Aim of the task
The lines needed run from the one that contains "(р-ры: 42-60) полынь" through the end of the material below, both included; write them out exactly, with no pictures.

_____

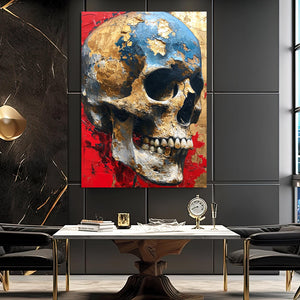Realistic Skull Art | MusaArtGallery™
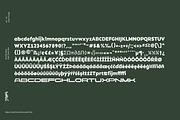 Derika Sans - Sans Serif Font, a Sans Serif Font by Ryan Rivaldo Vierra (Thumbnail 6 of 12)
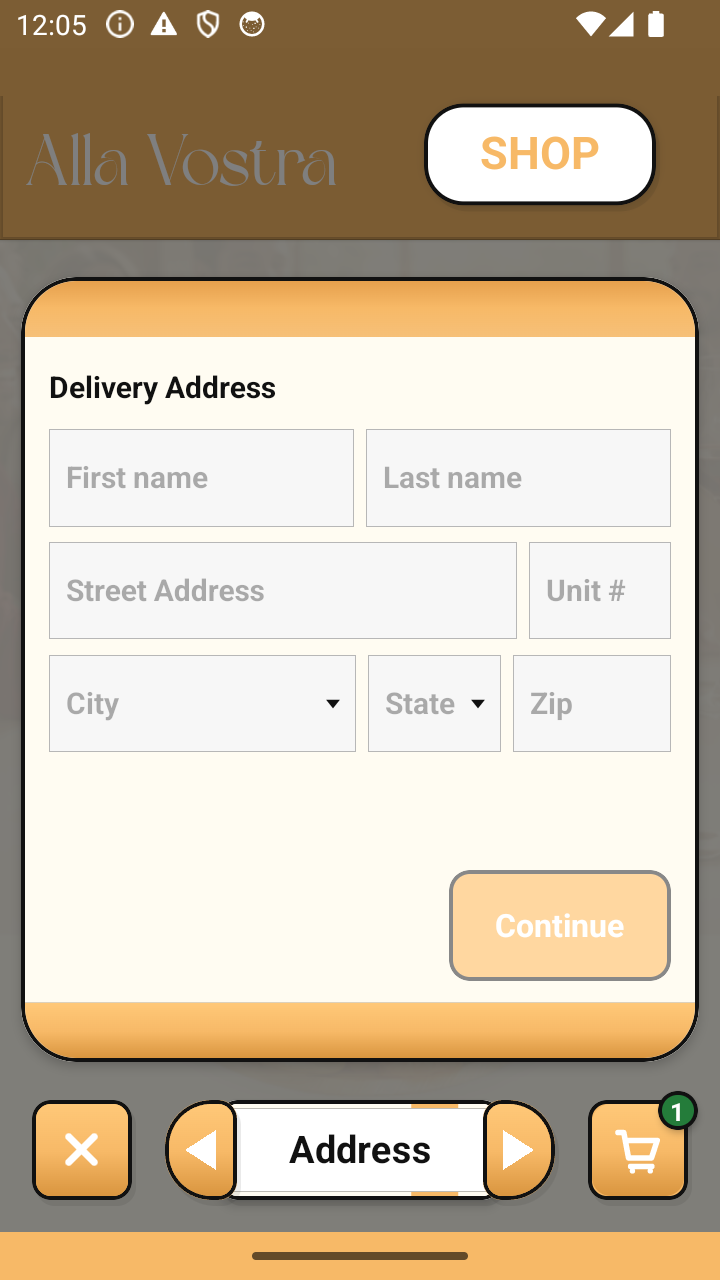Address Small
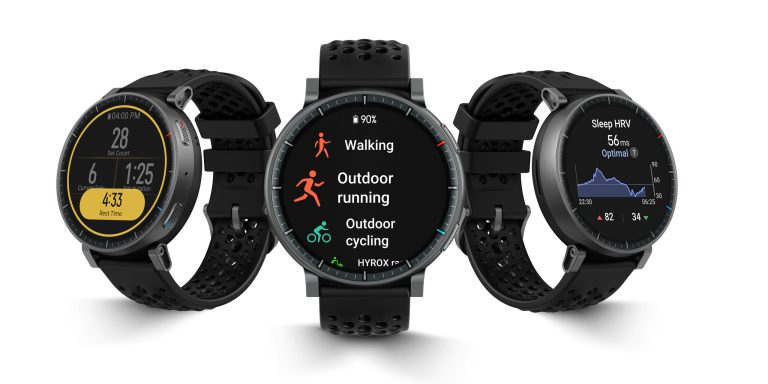 Prezentēts “Amazfit Active Max” viedpulkstenis ar 25 dienu darbības laiku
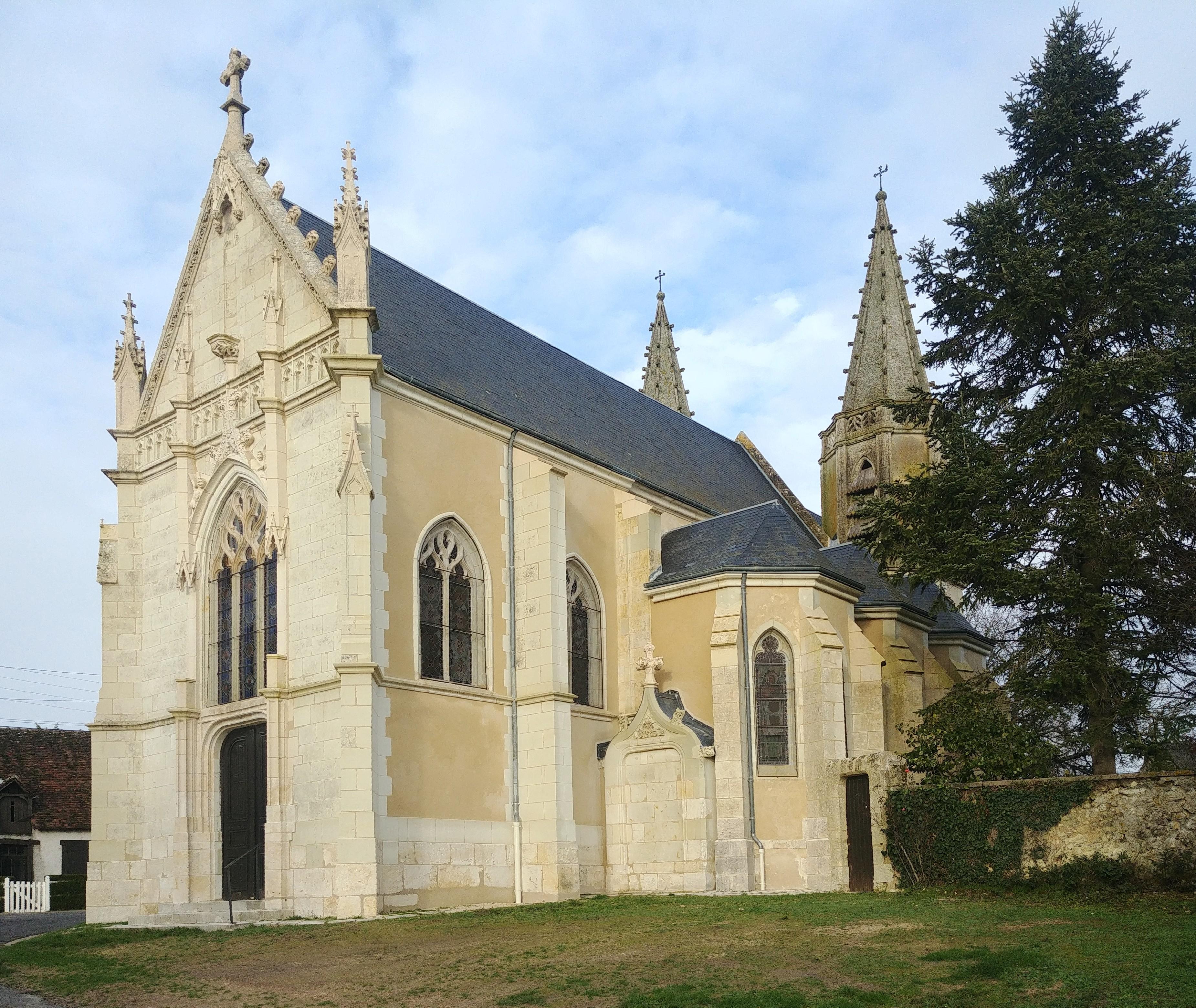 chapelle Notre-Dame de Villethiou
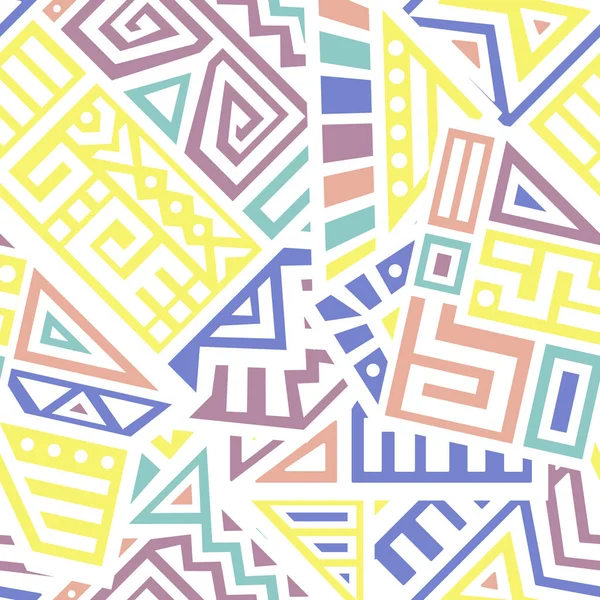 Aztek vektör Seamless Modeli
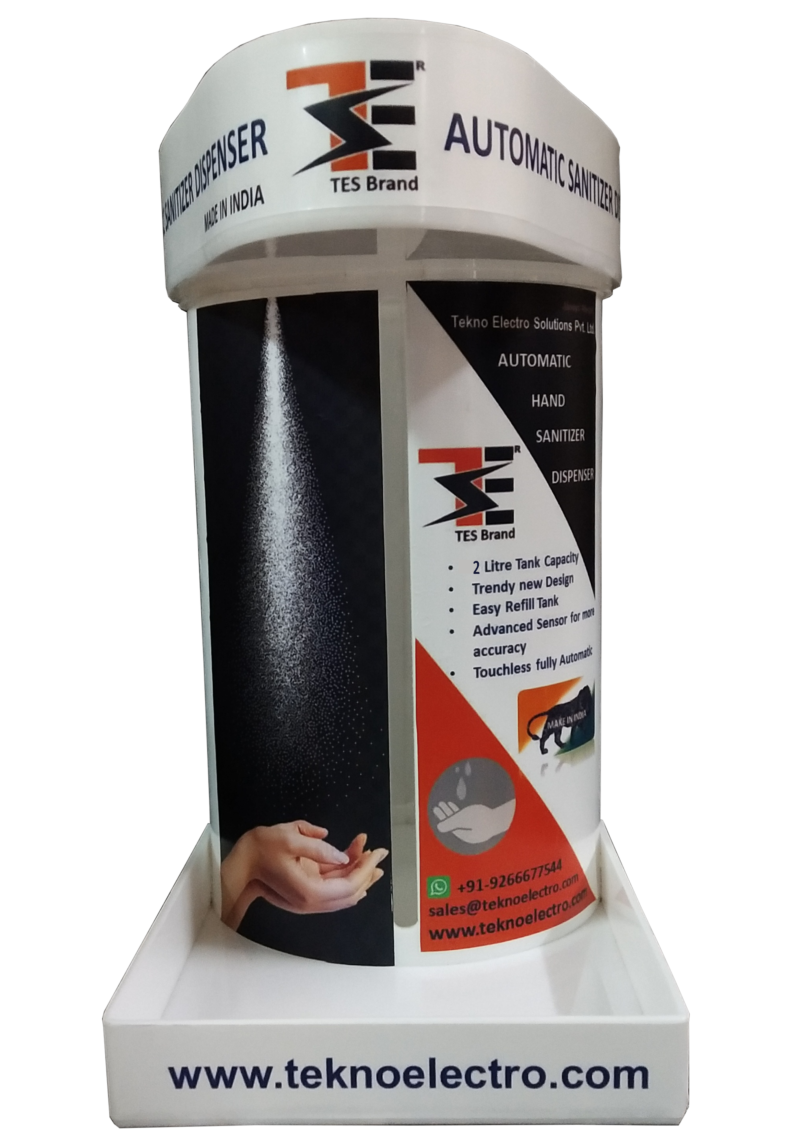 Tabletop Automatic dispenser, 2 ltr. Automatic dispenser, TES-AS02D,, TES Brand Dispenser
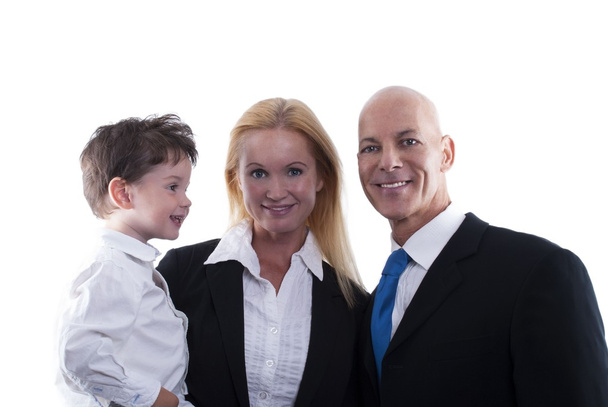 Happy Business Family - Фото, зображення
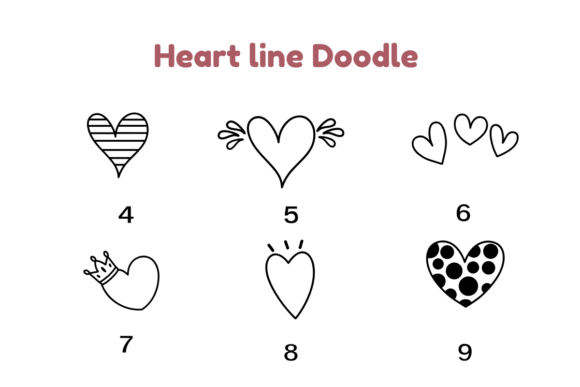 Heart Line Font - Preview 6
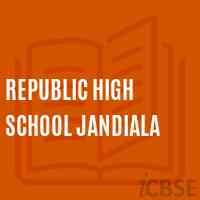 Republic High School Jandiala Logo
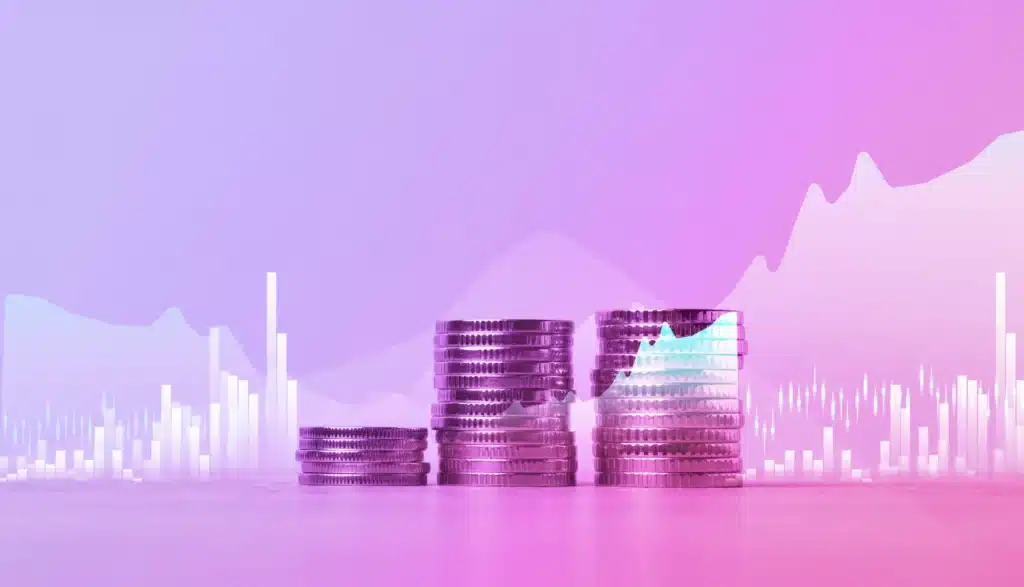 Client financial dashboard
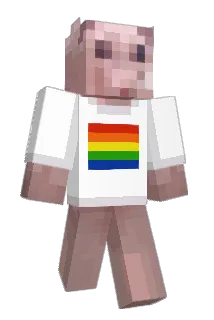 djjonesy Minecraft avatar full body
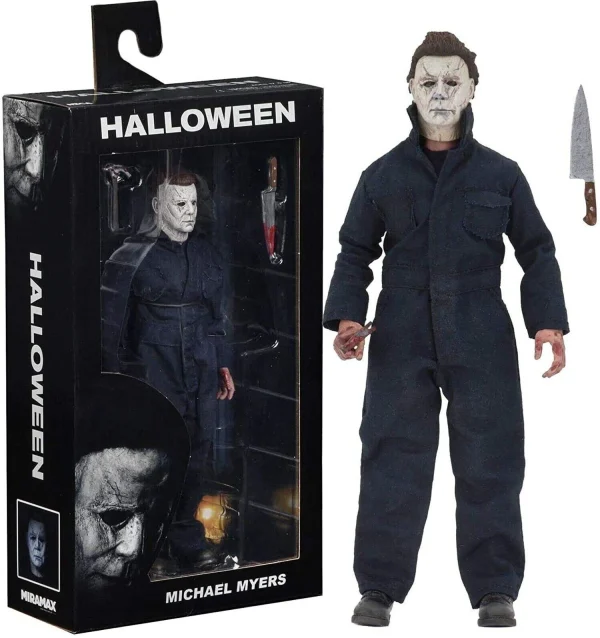 Halloween - 2018 Michael Myers Clothed Action Figure by NECA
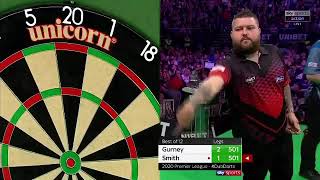 Michael Smith 9 Darter!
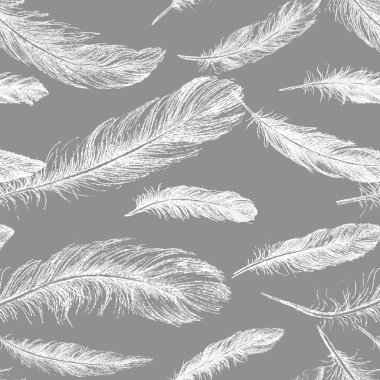 vektörsüz çiçek desenli tekstil tasarımı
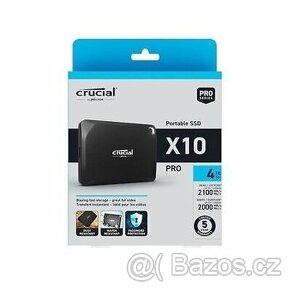 Crucial X10 Pro 4TB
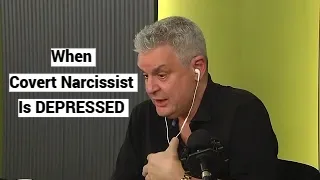 When Covert Narcissist is DEPRESSED (PsyPedia Conference, Russia)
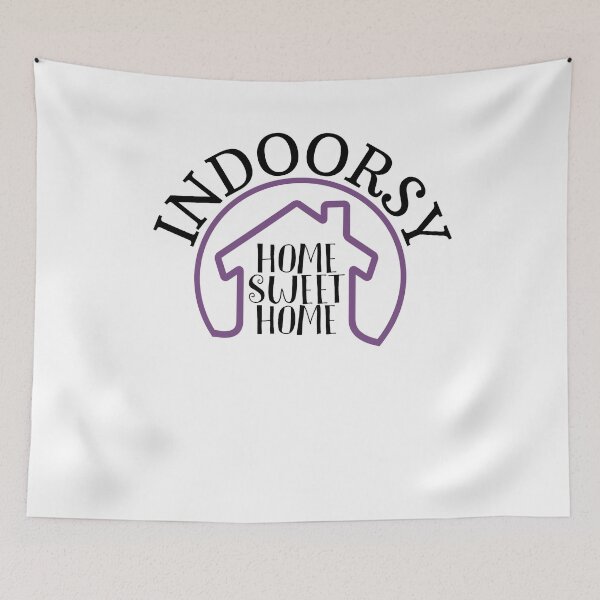 Item preview, Social Distancing Indoorsy Quarantine Isolation designed and sold by Two Left Hands Design.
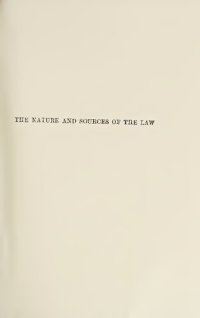 cover of the book The Nature and Sources of Law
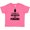 Hot Pink, variant on Easily Distracted by Penguins Boys or Girls Baby T-Shirt
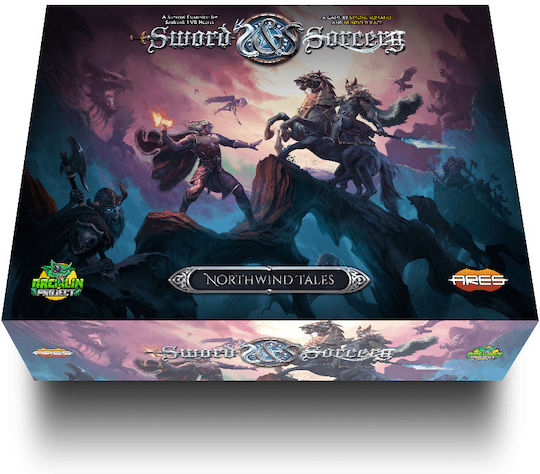 Game Expansion Sword & Sorcery - Northwind Tales for 1-5 Players 12+ Years Old (EN) Ares Games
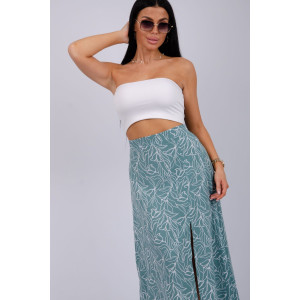 Юбка женская "Шанталь 5" вискоза (р-ры: 42-60) полынь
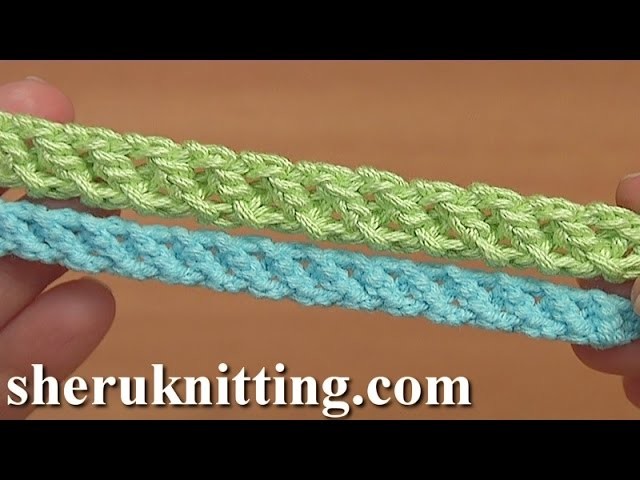 Crocheted Romanian Point Cord Tutorial 97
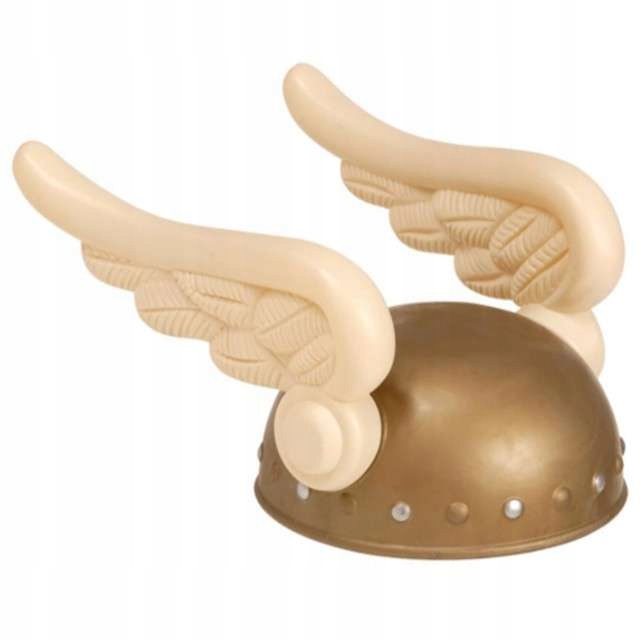 

Hełm czapka Asterixa asteriksa Asterix skrzydła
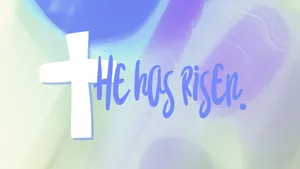 Easter Resurrection Celebration Wallpaper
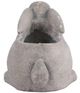 A & B Home Manon Gray Large Rabbit Planter-3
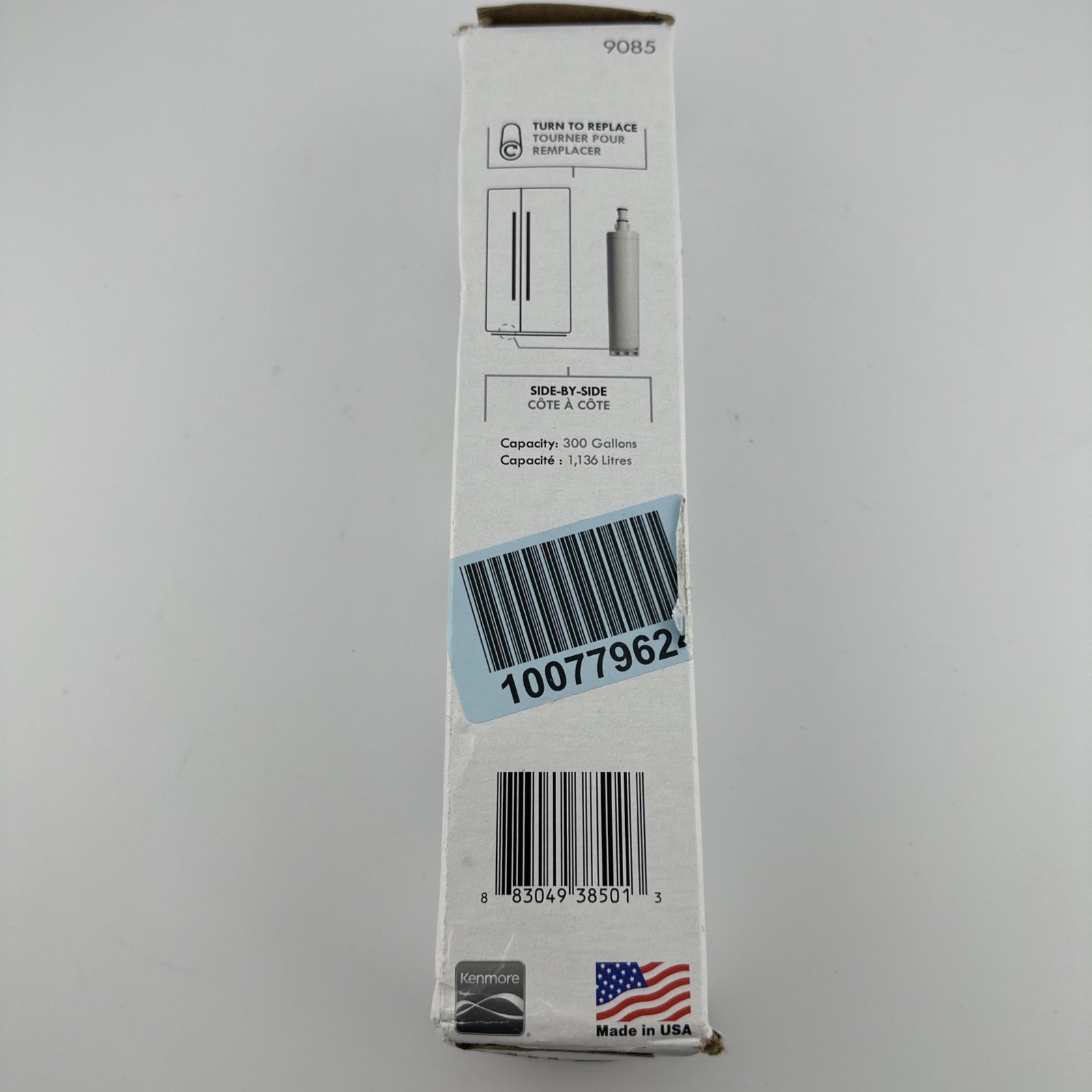 Kenmore 9085 Replacement Refrigerator Filter New Sealed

_____

Solved exercise
 Юбка женская "Шанталь 5" вискоза (р-ры: 42-60) полынь
 Crocheted Romanian Point Cord Tutorial 97

Hełm czapka Asterixa asteriksa Asterix skrzydła
 Easter Resurrection Celebration Wallpaper
 A & B Home Manon Gray Large Rabbit Planter-3
 Kenmore 9085 Replacement Refrigerator Filter New Sealed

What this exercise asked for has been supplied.